The New Shape of Our Movement

Mark Holmquist at

I posted a new blog post that I've been working on, today. It talks about how the Free Software movement is changing, and how we should adapt our perceptions of newcomers to be more welcoming. Your thoughts would be good to have. :)

Evan Prodromou, jrobb, sazius, Mike Linksvayer likes this.

Mike Linksvayer shared this.

As much as I would like to say that I support free software for  "community benefit" reasons, I know that my reasons are more in the "personal freedom" sense.
This is probably because I don't contribute too much to free software development - I tend to just use it (and occasionally fix issues). I would like to be egalitarian in my reasons, but I can't claim that that is the case.
Hopefully my point here is discernable - I know that I didn't make it very clearly.

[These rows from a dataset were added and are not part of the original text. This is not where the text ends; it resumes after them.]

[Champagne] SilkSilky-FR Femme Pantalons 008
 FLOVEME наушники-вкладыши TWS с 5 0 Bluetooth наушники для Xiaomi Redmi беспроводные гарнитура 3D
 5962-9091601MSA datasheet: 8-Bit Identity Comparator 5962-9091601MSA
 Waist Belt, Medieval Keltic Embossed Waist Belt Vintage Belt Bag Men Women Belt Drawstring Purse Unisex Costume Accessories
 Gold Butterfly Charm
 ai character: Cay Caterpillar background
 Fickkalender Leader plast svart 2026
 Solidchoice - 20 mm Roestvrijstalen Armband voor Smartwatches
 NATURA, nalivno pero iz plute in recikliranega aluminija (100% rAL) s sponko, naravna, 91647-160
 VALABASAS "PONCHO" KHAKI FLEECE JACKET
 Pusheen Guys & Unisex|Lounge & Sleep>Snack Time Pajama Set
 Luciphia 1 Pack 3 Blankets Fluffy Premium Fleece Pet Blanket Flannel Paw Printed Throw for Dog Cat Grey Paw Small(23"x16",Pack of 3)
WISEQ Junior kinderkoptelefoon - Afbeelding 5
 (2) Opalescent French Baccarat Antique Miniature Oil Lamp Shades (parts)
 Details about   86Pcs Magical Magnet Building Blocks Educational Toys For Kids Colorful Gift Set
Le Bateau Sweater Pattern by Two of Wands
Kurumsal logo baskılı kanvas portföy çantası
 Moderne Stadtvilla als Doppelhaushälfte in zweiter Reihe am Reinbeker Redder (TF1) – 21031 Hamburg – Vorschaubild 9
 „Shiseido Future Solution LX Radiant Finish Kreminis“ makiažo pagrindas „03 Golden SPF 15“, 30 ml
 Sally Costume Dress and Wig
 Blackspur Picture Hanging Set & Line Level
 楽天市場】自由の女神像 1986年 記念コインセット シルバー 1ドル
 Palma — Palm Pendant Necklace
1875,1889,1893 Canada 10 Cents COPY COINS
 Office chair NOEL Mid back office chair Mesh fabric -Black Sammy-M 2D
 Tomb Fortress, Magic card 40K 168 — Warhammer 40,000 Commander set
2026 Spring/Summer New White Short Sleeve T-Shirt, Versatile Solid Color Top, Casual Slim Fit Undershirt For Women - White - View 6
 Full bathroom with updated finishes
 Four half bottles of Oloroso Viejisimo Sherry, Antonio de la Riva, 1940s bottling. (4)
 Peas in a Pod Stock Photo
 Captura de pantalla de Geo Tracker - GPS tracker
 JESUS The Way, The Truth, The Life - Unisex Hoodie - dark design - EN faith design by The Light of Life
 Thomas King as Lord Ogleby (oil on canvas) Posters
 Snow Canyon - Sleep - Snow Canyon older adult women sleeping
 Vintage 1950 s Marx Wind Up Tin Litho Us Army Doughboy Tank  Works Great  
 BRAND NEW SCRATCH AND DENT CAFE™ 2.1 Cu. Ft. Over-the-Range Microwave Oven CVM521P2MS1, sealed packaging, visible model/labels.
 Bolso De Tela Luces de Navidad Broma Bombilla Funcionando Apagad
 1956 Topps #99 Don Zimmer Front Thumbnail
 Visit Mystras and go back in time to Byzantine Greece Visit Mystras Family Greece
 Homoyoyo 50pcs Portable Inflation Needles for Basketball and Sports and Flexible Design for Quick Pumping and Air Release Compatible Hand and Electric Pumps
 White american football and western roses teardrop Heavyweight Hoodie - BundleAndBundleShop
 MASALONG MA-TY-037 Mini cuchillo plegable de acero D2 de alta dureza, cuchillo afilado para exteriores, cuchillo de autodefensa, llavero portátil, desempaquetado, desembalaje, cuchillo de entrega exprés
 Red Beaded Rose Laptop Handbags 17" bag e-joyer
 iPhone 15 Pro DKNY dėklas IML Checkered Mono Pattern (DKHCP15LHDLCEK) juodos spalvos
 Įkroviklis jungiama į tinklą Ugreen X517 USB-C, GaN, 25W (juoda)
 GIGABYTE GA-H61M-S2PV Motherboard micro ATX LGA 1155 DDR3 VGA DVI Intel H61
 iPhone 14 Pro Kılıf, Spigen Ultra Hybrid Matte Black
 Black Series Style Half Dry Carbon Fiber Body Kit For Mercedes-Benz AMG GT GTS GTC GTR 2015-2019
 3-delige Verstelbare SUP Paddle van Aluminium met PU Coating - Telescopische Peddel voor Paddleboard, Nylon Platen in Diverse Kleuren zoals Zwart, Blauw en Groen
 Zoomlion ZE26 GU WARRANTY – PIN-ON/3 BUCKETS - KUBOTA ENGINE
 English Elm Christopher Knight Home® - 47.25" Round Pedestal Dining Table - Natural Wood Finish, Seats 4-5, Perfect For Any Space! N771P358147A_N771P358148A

zach wick at 2014-08-22T19:00:12Z

"No matter what your motivation for building up free software, I welcome your contributions" is pretty accurate. Anyone should be free to contribute to make technical contributions to free software projects, regardless of the values they hold. Spreading free software means more than just spreading the software though. It means spreading the values so that people recognize proprietary software as something ethically wrong and rejecting it on that basis. I don't think we'll get rid of proprietary software (and do it in a permanent, lasting way) with anything less.

Jason Self at 2014-08-22T19:57:14Z

a(n) person likes this.

I worry that too much of the free software movement has been trained to reject these groups, to be distrustful of corporations, to be dismissive of people who are utilitarian in their contributions. I hope we aren’t too far gone to rescue this movement that needs to be so much bigger than it currently is.
I'm pretty sympathetic to this, even while being rather distrustful...of everyone. :-)

Kind of funny that even as some (maybe on trajectory to many) within faif movements realize they ought not marginalize marginalized individuals and groups (which is indeed progress of which much more is needed), some (unclear to me extent) continue to self-marginalize from dominant institutions and mass markets.